L’exposition à la fumée passive peut être estimée par la quantité de particules respirables de moins de 2,5 microns dans l’air environnant (PM2,5). Cette mesure a été effectuée récemment en Allemagne dans 95 établissements fumeurs et trois non fumeurs.6 En l’absence de combustion de cigarettes, la concentration en PM2,5 est de 12 à 24 μg/m3. Par contre, dans les établissements fumeurs la concentration médiane en PM2,5 est dix fois plus élevée dans les restaurants, vingt fois plus élevée dans les bars, vingt-cinq fois plus élevée dans les discothèques, où la concentration peut même dépasser cent fois la valeur des établissements non fumeurs. Cette étude a par ailleurs montré que la présence de quelques fumeurs suffit à faire augmenter de manière importante la concentration en particules en suspension, rendant illusoire la séparation entre fumeurs et non-fumeurs dans un même espace.
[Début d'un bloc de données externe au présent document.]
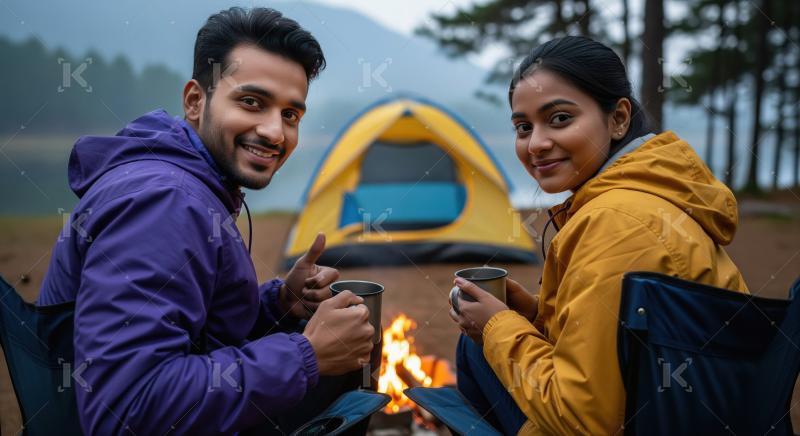 Indian couple camping sitting by tent at campsite relaxing and drinking tea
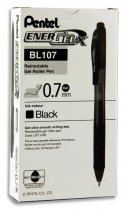 PENTEL ENERGEL-X BL107 0.7mm RETRACTABLE GEL PEN - BLACK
Ces chiffres documentant la dégradation de la qualité de l’air causée par la fumée de tabac sont d’actualité, d’autant qu’ils se sont montrés réversibles après l’interdiction de la fumée dans les établissements publics.6
En Ecosse, la fumée est bannie des établissements publics depuis fin mars 2006, la nouvelle loi étant respectée dans plus de 98% des cas selon les sources gouvernementales. En général, les infractions se sont révélées peu nombreuses et souvent non intentionnelles.7 La mise en œuvre de la loi a été suivie d’un effet rapide et spectaculaire : dans les dix mois suivant l’entrée en vigueur de la loi, le nombre d’hospitalisations pour syndrome coronarien aigu a chuté de 17% par rapport aux dix mois précédant l’interdiction. De plus, la différence augmentait avec le temps écoulé depuis l’entrée en vigueur de la loi. Enfin, 67% des hospitalisations évitées concernaient les non-fumeurs.8 La rapidité et l’ampleur du bénéfice apporté par cette mesure de protection de l’air ambiant sont frappantes, mais non étonnantes. En effet, une série d’études épidémiologiques a montré le caractère non linéaire du risque cardiovasculaire lié à la fumée de tabac : alors que fumer un paquet de cigarettes par jour augmente le risque de cardiopathie ischémique de 80%, être exposé à la fumée passive l’augmente déjà de 30%.9
L’instauration de lieux de travail sans fumée ne protège pas seulement de la fumée passive, mais encourage également les fumeurs à diminuer ou à interrompre leur consommation de tabac. Une revue systématique évalue à 29% la diminution de consommation de cigarettes induite par l’interdiction totale de fumer sur le lieu de travail. Par contre, la baisse de consommation n’est que de la moitié si des zones fumeurs sont maintenues.10 Au vu des données qui s’accumulent, il devient difficile de nier l’importance de la dégradation de l’air ambiant due à la fumée de tabac et ses conséquences dangereuses pour la santé. Ces études scientifiques sont des arguments forts pour prendre enfin des mesures courageuses garantissant la qualité de l’air dans les lieux de travail et les établissements publics. C’est ce que nous pouvons attendre de nos élus, pour autant que la santé de la population représente pour eux une préoccupation prioritaire.